## [Task goal]
If a record contains a picture, leave the picture out and copy everything else exactly.

## [Extracted data]
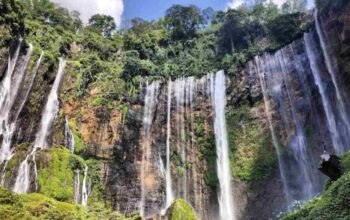 Libur Sekolah, Tumpak Sewu Jadi Primadona Wisata Keluarga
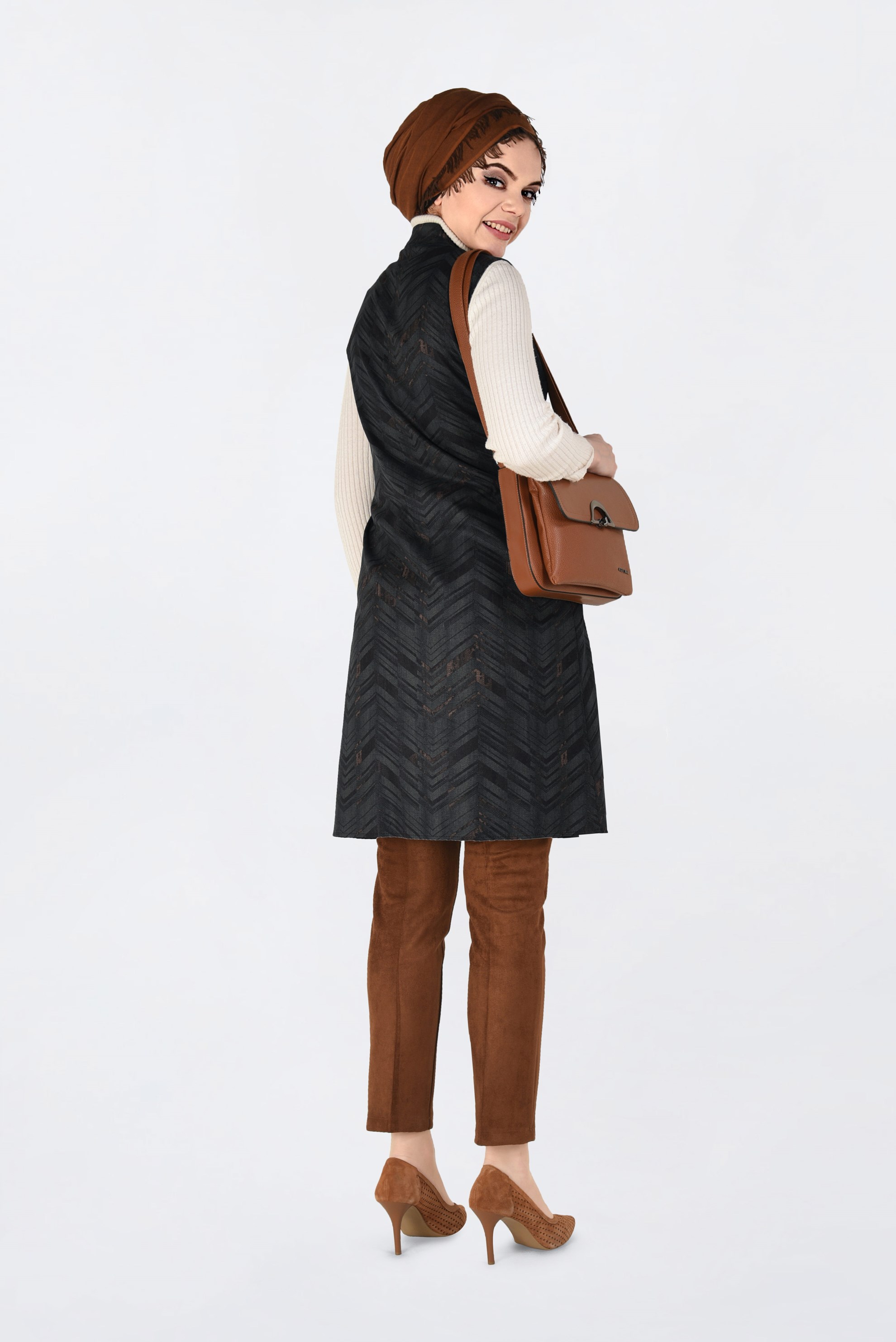 Tesettür giyim GRİ BELDEN BÜZGÜLÜ FERMUARLI SÜET YELEK 4810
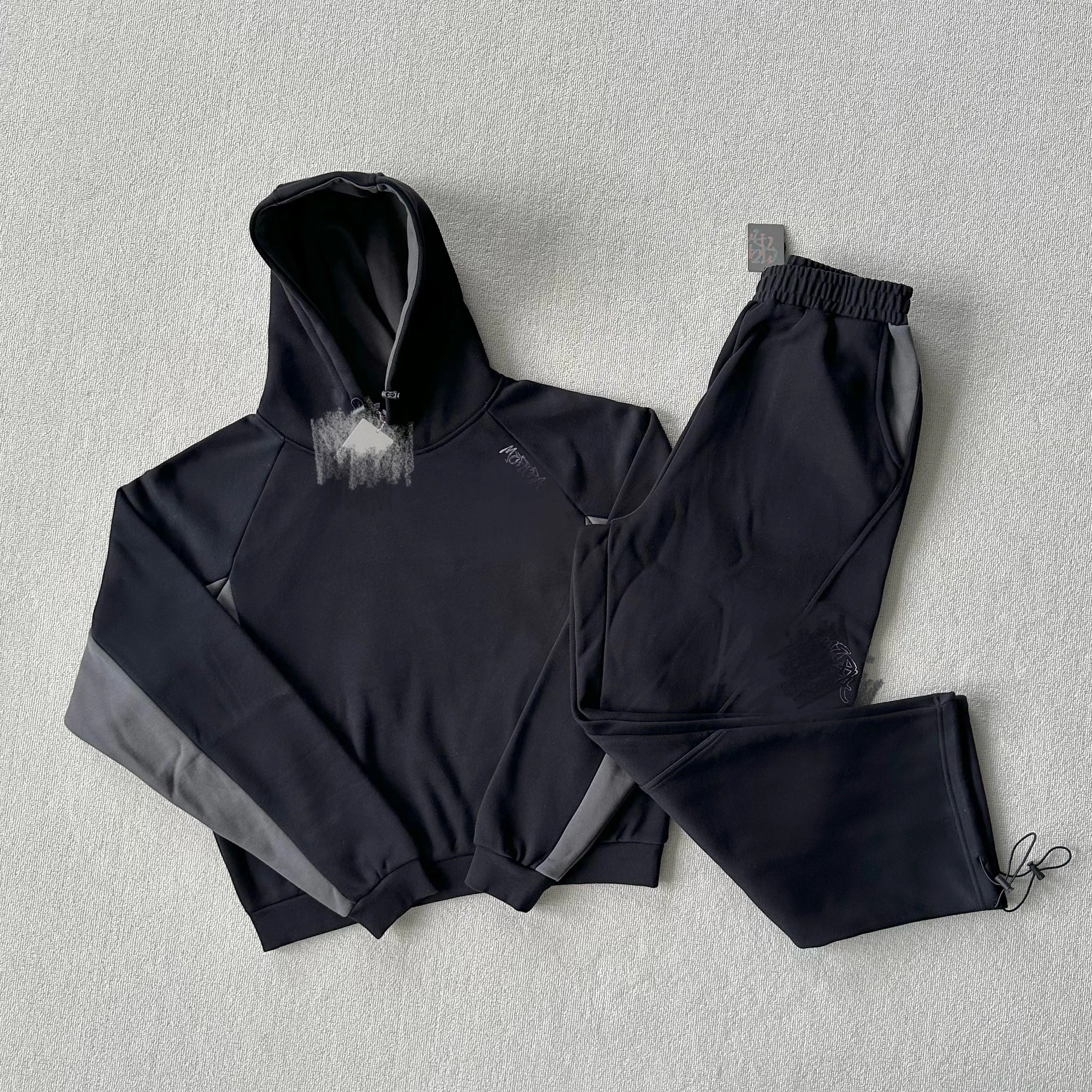 Mertra Dark/Black Set · 2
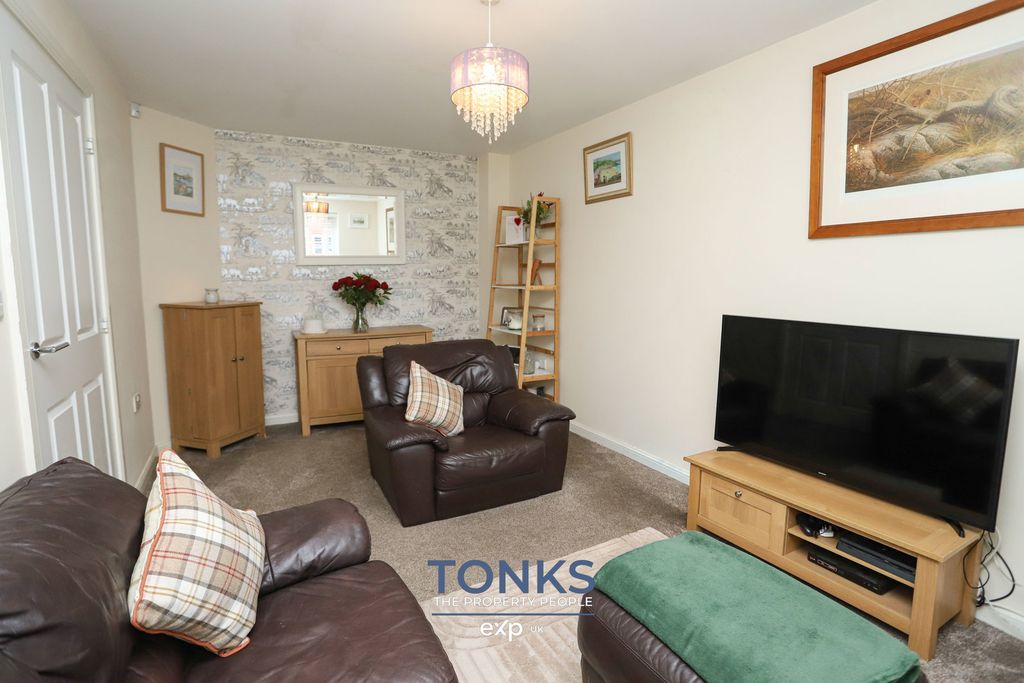 Property photo 3 of 21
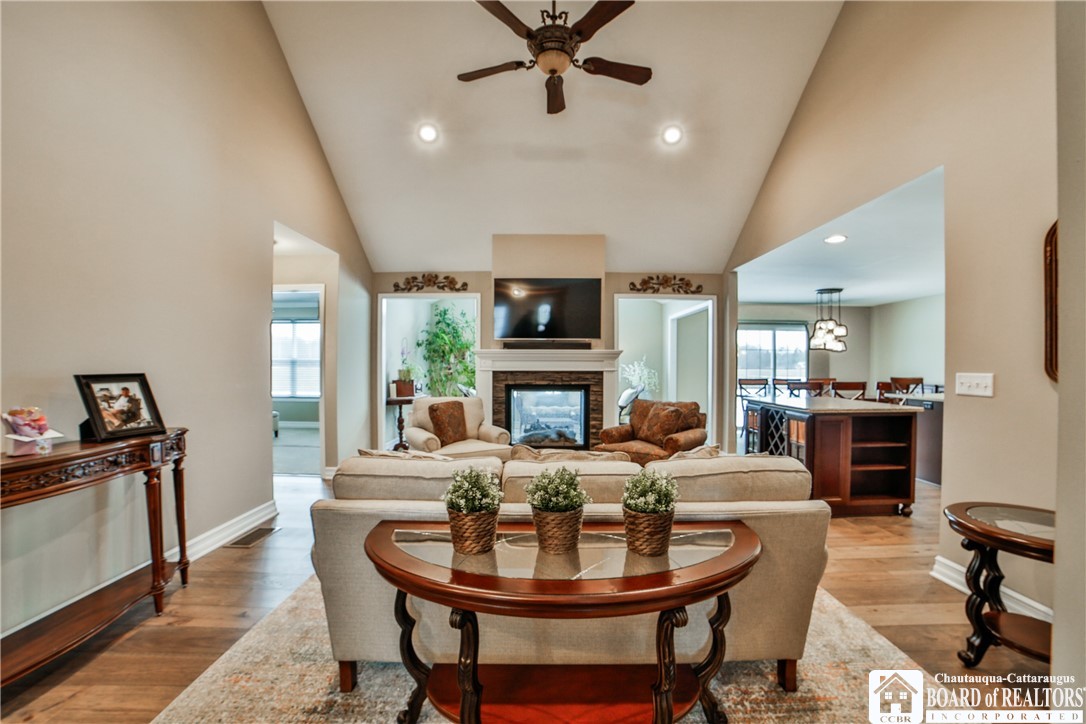 102 Country Club Court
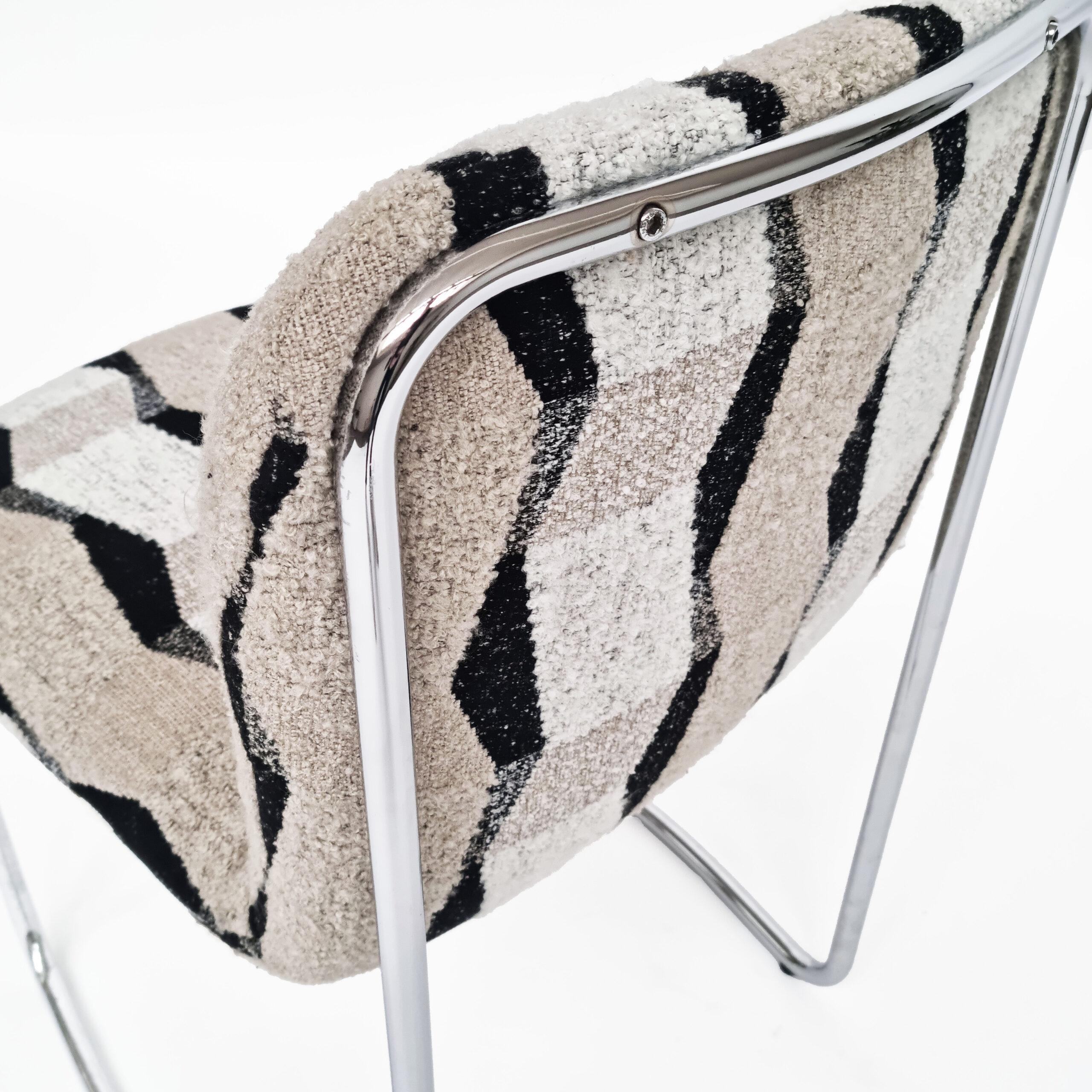 Elegant 70s Upholstered Chairs (sold per piece) For Sale 3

## [Answer to this exercise]
 Libur Sekolah, Tumpak Sewu Jadi Primadona Wisata Keluarga
 Tesettür giyim GRİ BELDEN BÜZGÜLÜ FERMUARLI SÜET YELEK 4810
 Mertra Dark/Black Set · 2
 Property photo 3 of 21
 102 Country Club Court
 Elegant 70s Upholstered Chairs (sold per piece) For Sale 3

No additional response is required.